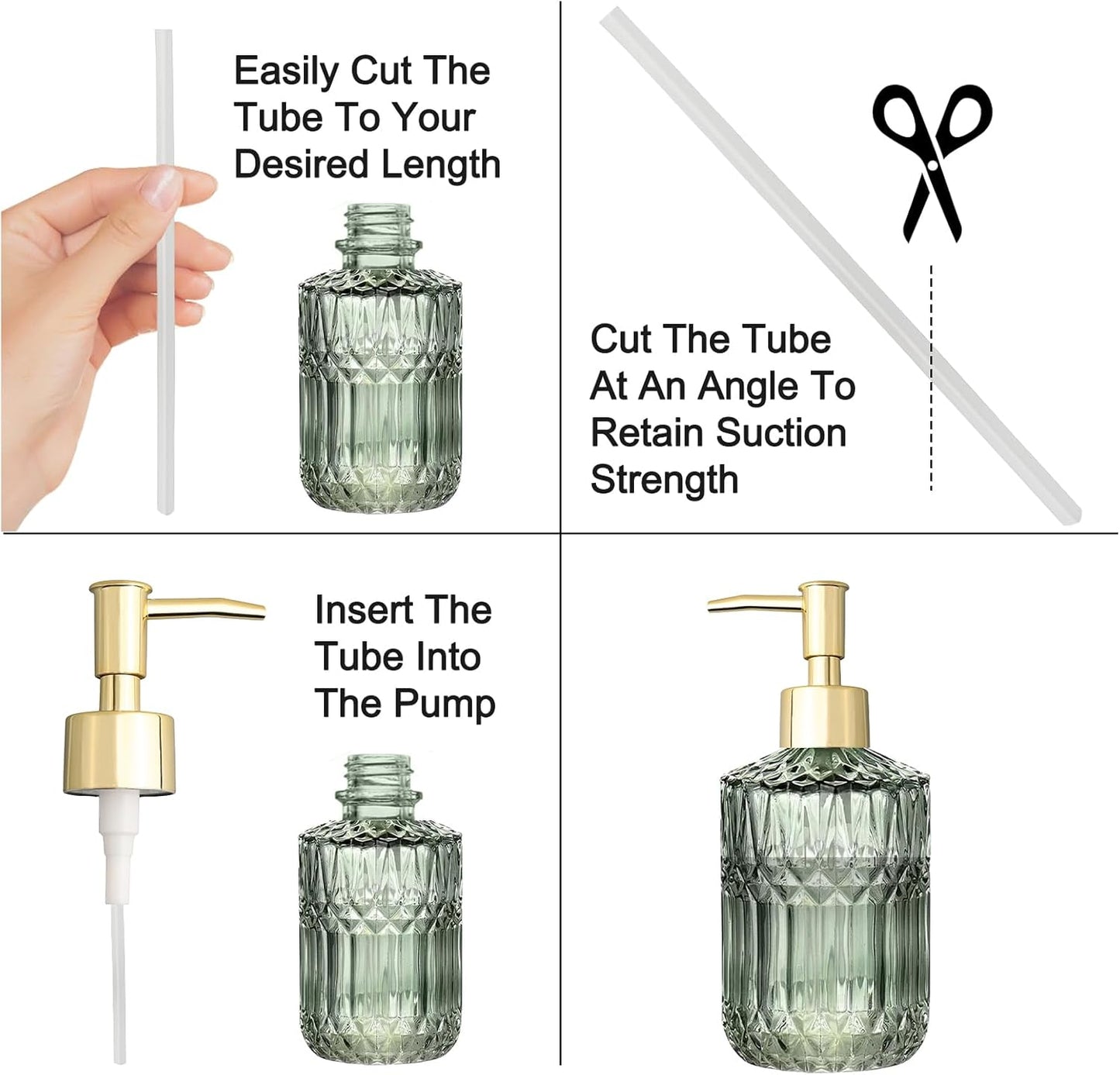 Lotion Soap Dispenser Replacement Pump for Bottles Fits 28/400 Thread Standard, for Dish Soap Refill Dispenser Kitchen Bathroom Worktop Bottles(Bright Gold)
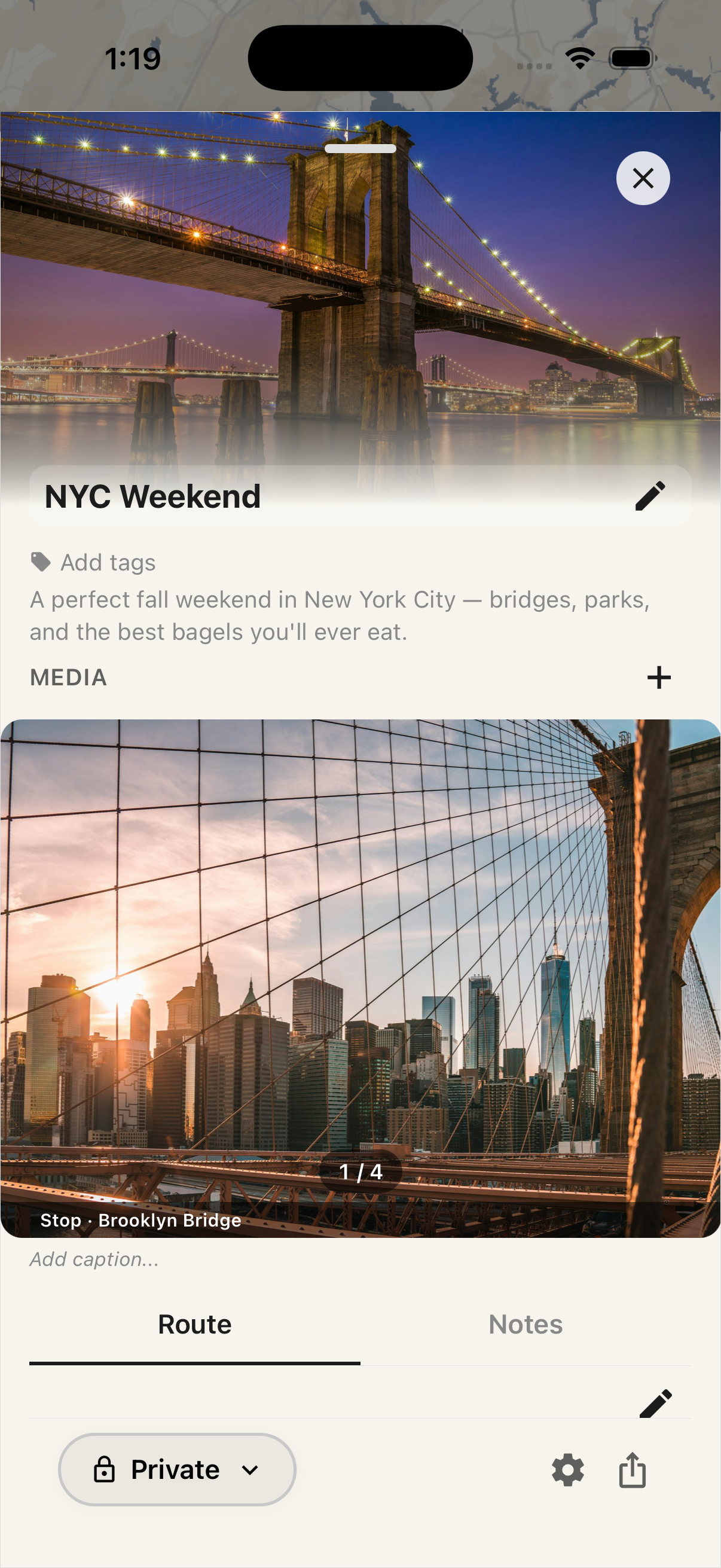 NYC Weekend trip sheet with cover photo and description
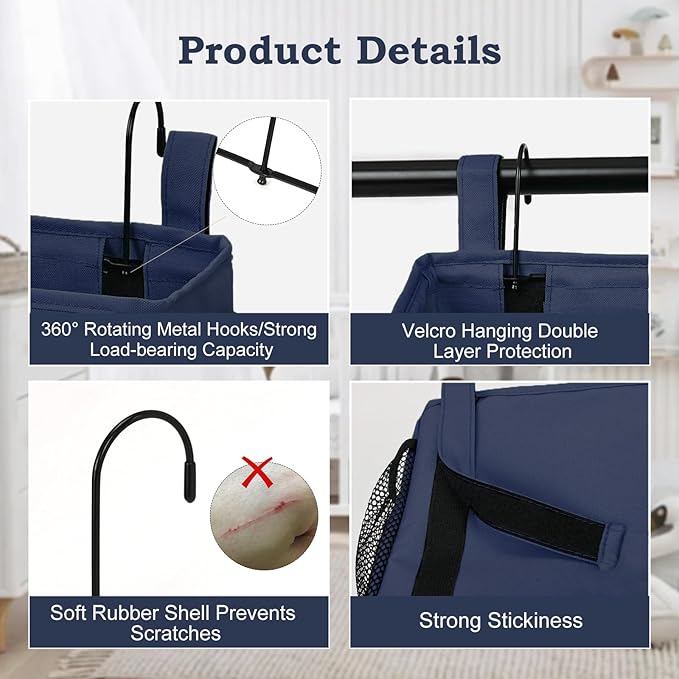 Surblue Bedside Organizer with Hook Bedside Caddy Hanging Storage Bag with Adjustable Straps and Water Bottle Holder for Home College Dorm Bunk Bed Accessories, Crib Bed Rails, Hospital Bed,Navy,2PCS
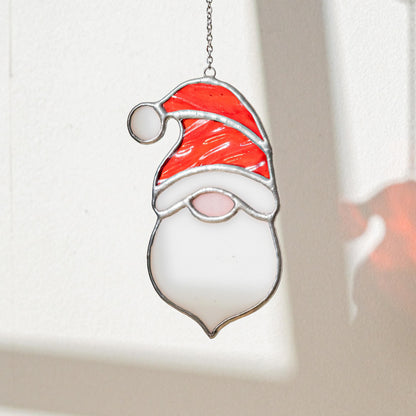 Santa Claus stained glass suncatchers home decor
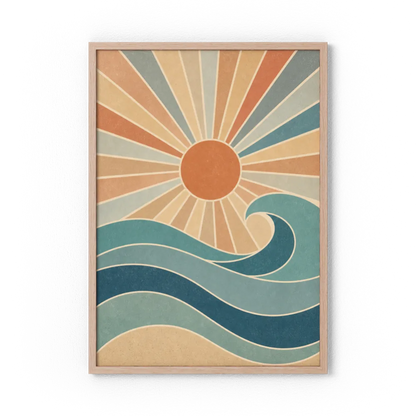 Retro Rising Sun & Ocean Wave Art Print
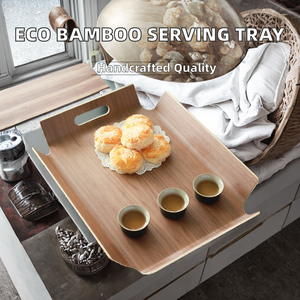 Plateaux de service rectangulaires en bambou faits à la main, classiques, imperméables et écologiques, avec deux poignées – Idéaux pour le pain et les gâteaux - Product Image 2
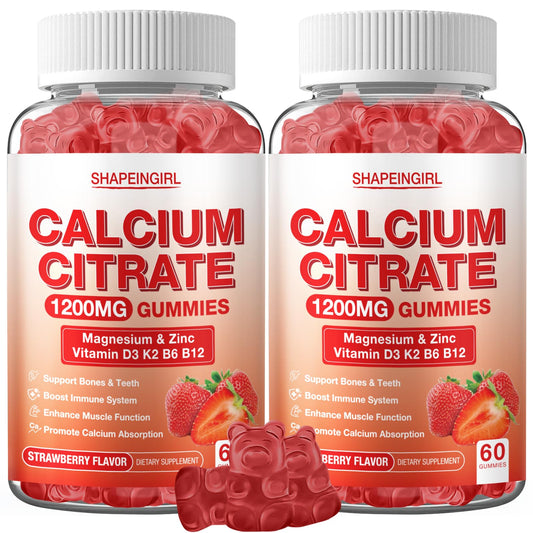 Shapeingirl Calcium Citrate Strawberry Gummies for convenient daily bone support.
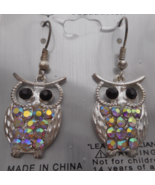 SilverTone Metal Color Crystal Rhinestone Eyes Owl Drop Fish Hook Earrin... - £9.83 GBP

REQUIRED WORK ▸
Every entry, exactly as written: transcribe it, passing over any pictures.

SOLVED PROBLEM ▸
 Lotion Soap Dispenser Replacement Pump for Bottles Fits 28/400 Thread Standard, for Dish Soap Refill Dispenser Kitchen Bathroom Worktop Bottles(Bright Gold)
 NYC Weekend trip sheet with cover photo and description
 Surblue Bedside Organizer with Hook Bedside Caddy Hanging Storage Bag with Adjustable Straps and Water Bottle Holder for Home College Dorm Bunk Bed Accessories, Crib Bed Rails, Hospital Bed,Navy,2PCS
 Santa Claus stained glass suncatchers home decor
 Retro Rising Sun & Ocean Wave Art Print
 Plateaux de service rectangulaires en bambou faits à la main, classiques, imperméables et écologiques, avec deux poignées – Idéaux pour le pain et les gâteaux - Product Image 2
 Shapeingirl Calcium Citrate Strawberry Gummies for convenient daily bone support.
 SilverTone Metal Color Crystal Rhinestone Eyes Owl Drop Fish Hook Earrin... - £9.83 GBP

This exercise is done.